* Task
Could you output each line below exactly as it appears, excluding any pictures?

* Information provided
:::::

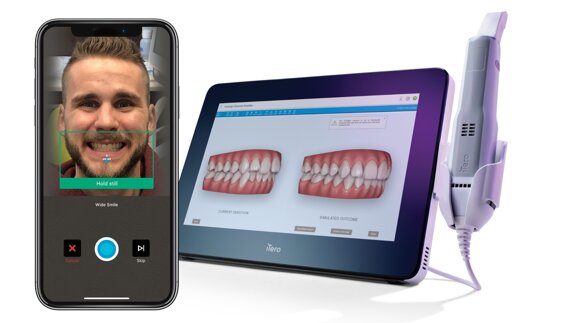 Interview: Benefits of Invisalign Smile Architect
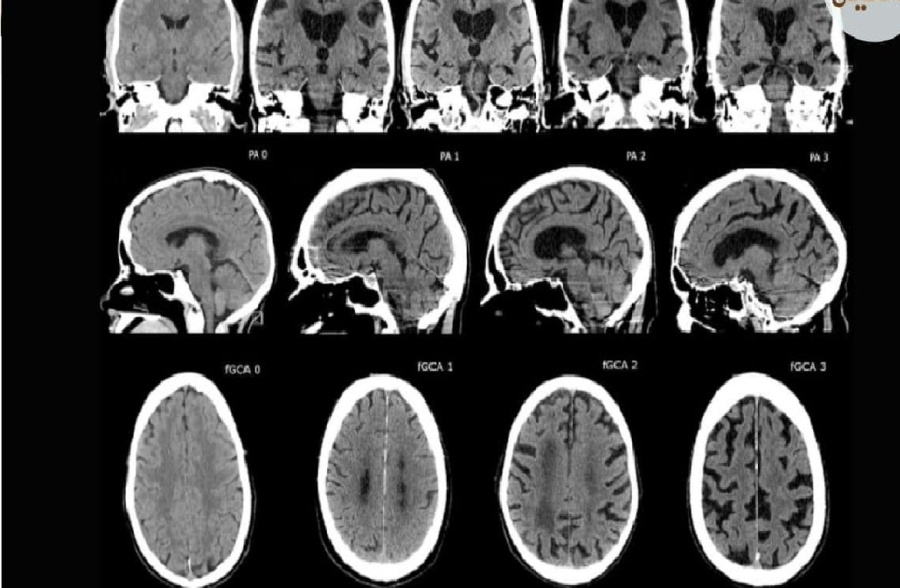 خطر الضمور المعرفي: كيف يؤدي الاعتماد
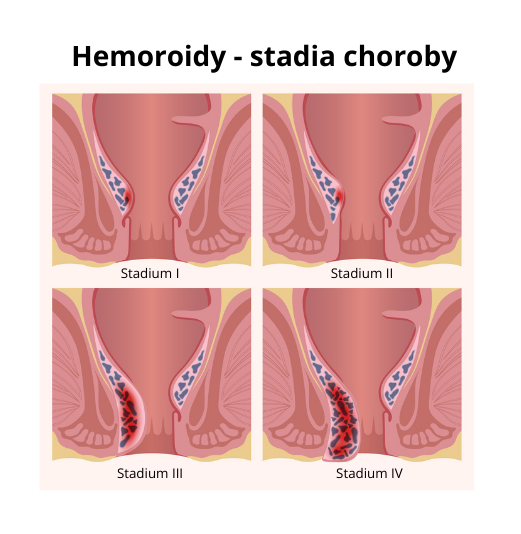 hemoroidy stadia choroby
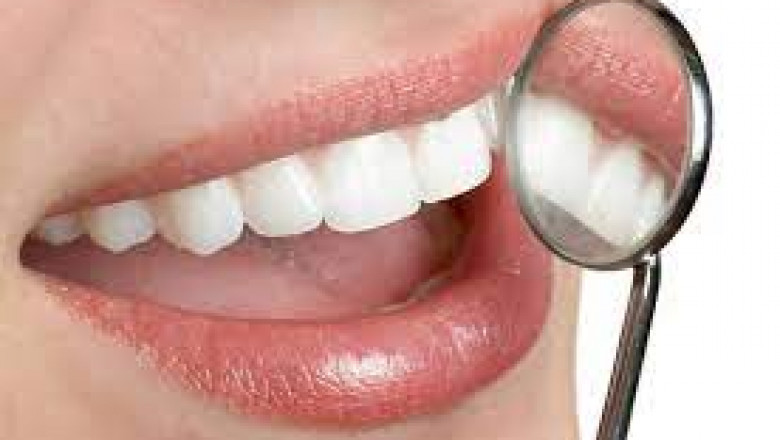 Which Type of Teeth Cleaning is Best?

:::::

* Answer section
 Interview: Benefits of Invisalign Smile Architect
 خطر الضمور المعرفي: كيف يؤدي الاعتماد
 hemoroidy stadia choroby
 Which Type of Teeth Cleaning is Best?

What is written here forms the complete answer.